Regarding the pain of others susan sontag pdf
Admiration is mixed with disapproval of the pictures for the pain they might give the female relatives of the dead. Yet the Times reporter cannot resist the melodrama that mere words supply the "dripping bodies" ready for "the gaping trenches" , while reprehending the intolerable realism of the image.
Or the images may be too terrible, and need to be suppressed in the name of propriety or of patriotism-like the images showing, without appropriate partial concealment, our dead. To display the dead, after all, is what the enemy does. Taken by an unknown Boer photographer ten days after the British defeat, which had cost the lives of thirteen hundred of their soldiers, it gives an intrusive view down a long shallow trench packed with unburied bodies. What is particularly aggressive about the image is the absence of a landscape.
Censorship of the press by the British General Staff was less inflexible. During the Vietnam era, war photography became, normatively, a criticism of war. It proved harder for the American authorities to duplicate the Thatcher controls on the reporting of their own foreign adventures.
The terms for allowing the use of cameras at the front for nonmilitary purposes have become much stricter as war has become an activity prosecuted with increasingly exact optical devices for tracking the enemy. Central Command in Tampa, Florida. Often their decisions are cast as judgments about "good taste"-always a repressive standard when invoked by institutions. Tabloids are usually bolder than broadsheet papers in printing grisly images; a picture of a severed hand lying in the rubble of the World Trade Center ran in one late edition of New York's Daily News shortly after the attack; it seems not to have appeared in any other paper.
The other argument often used to suppress pictures cites the rights of relatives. It is easier to think of the enemy as just a savage who kills, then holds up the head of his prey for all to see. The photographs taken by Gardner and O'Sullivan still shock because the Union and Confederate soldiers lie on their backs, with the faces of some clearly visible. Though "Dead G Is on Buna Beach" is invariably described as showing three soldiers lying face down in the wet sand, one of the three lies on his back, but the angle from which the picture was taken conceals his head.
This is a dignity not thought necessary to accord to others. The more remote or exotic the place, the more likely we are to have full frontal views of the dead and dying. More recently, the photographs are of whole families of indigent villagers dying of AIDS. These sights carry a double message. They confirm that this is the sort of thing which happens in that place. The ubiquity of those photographs, and those horrors, cannot help but nourish belief in the inevitability of tragedy in the benighted or backward-that is, poor-parts of the world.

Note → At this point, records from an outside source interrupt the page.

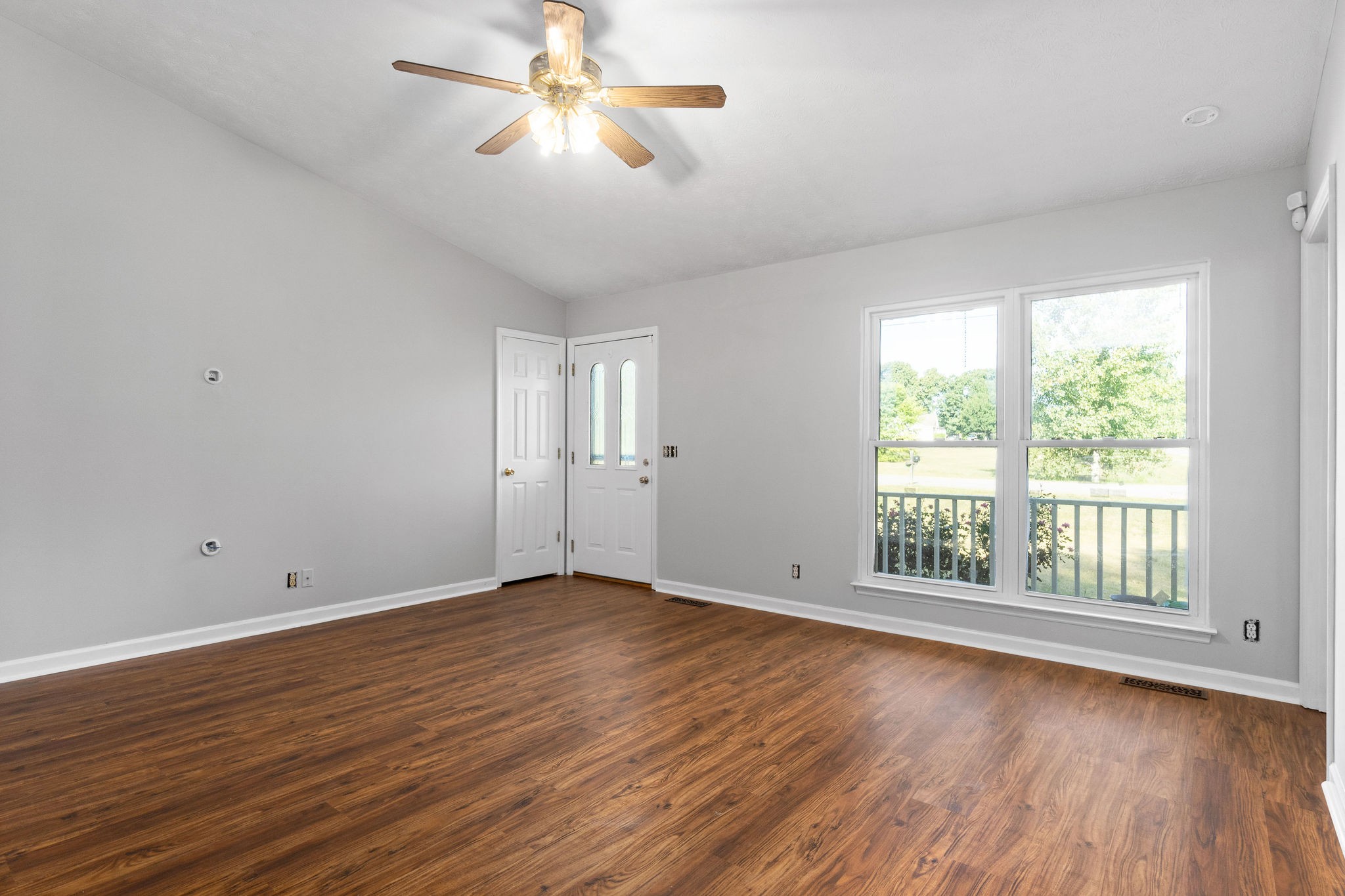1011 Cherokee Trail Springfield, TN 37172 - Photo 10 of 40 a view of empty room with wooden floor and fan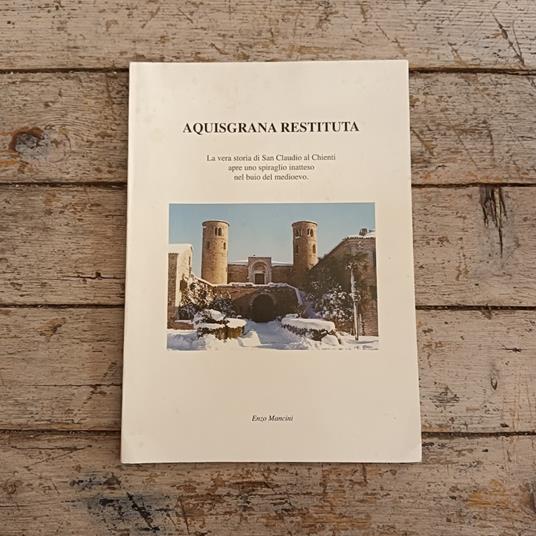 Aquisgrana Restituta. La vera storia di San Claudio al Chienti apre uno spiraglio inatteso nel buio del Medioevo - Enzo Mancini - copertina
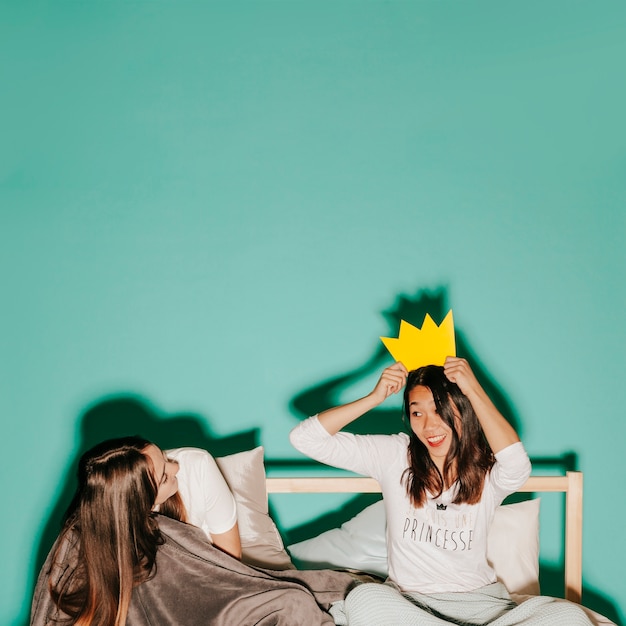 Friends trying on paper crown in bed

As of today we have 78,, eBooks for you to download for free. No annoying ads, no download limits, enjoy it and don't forget to bookmark and share the love! The first edition of the novel was published in January 7th , and was written by Susan Sontag.
The book was published in multiple languages including English, consists of pages and is available in Paperback format. Your Comment:. Read Online Download. Great book, Regarding the Pain of Others pdf is enough to raise the goose bumps alone. Add a review Your Rating: Your Comment:.
In America by Susan Sontag. Reborn: Journals and Notebooks, by Susan Sontag.